Conventionally, life testing of laser diodes involves periodically
testing the laser diodes at room temperature. For example, during a
burn-in process the laser diodes can operate at elevated
temperatures for 1000 hours, while being removed every 50-100 hours
to test individual lasers as part of life testing.
[0007] Unfortunately, a drawback of conventional life testing is
that it is labor intensive. An individual manually removes a laser
diode from the burn-in apparatus, mounts the laser diode for life
testing at room temperature, and subsequently mounts the tested
laser diode back in the burn-in apparatus following life testing.
Significant costs are incurred through current burn-in and life
testing procedures.
[0008] In light of the above, what is desired is an improved
apparatus and method for performing burn-in and life testing of
laser diodes that eliminates the drawbacks associated with moving
laser diodes during the burn-in and life testing processes.

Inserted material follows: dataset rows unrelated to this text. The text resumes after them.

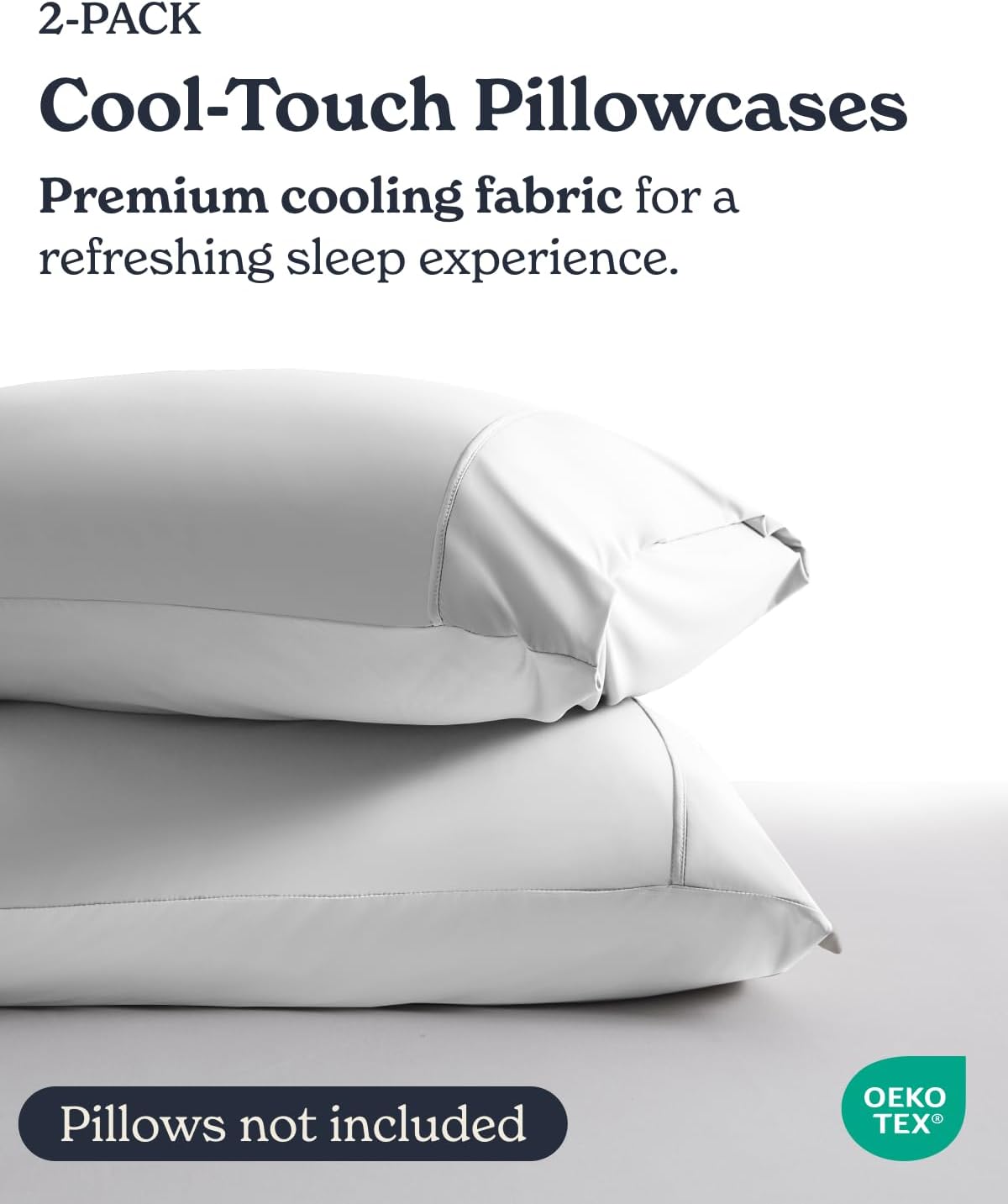 Beckham Hotel Collection Cooling Pillowcases for Hot Sleepers, King Size Set of 2, Cool Bedding, Envelope Closure, Silky Soft, Breathable, Moisture-Wicking, White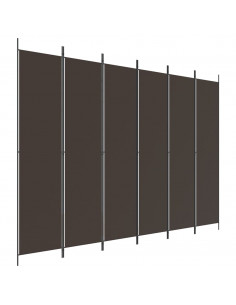 Divisorio a 6 Pannelli Marrone 300x220 cm in Tessuto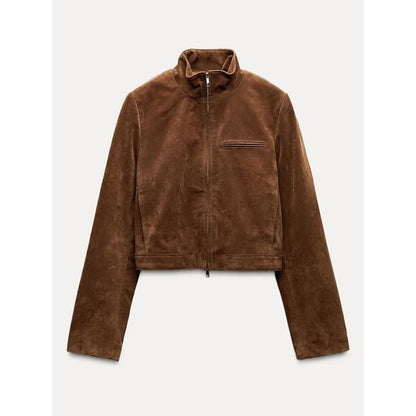 Stand Collar Zip Suede Jackets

BRIEF SUMMARY OF THE INVENTION
[0009] The present invention generally relates to methods and
devices for testing optoelectronic devices, such as, but not
limited to, laser diodes. The methods and systems of the present
invention provide for testing multiple laser diodes without the
need to manually remove individual laser diodes for life testing.
By so doing, the present invention overcomes the problems discussed
above.
[0010] In one exemplary configuration, the system includes a
burn-in rack that cooperates with a testing apparatus. The burn-in
rack includes a rack base that supports one or more optoelectronic
device supports. Mounted to these supports are optoelectronic
device holders that receive a plurality of optoelectronic devices.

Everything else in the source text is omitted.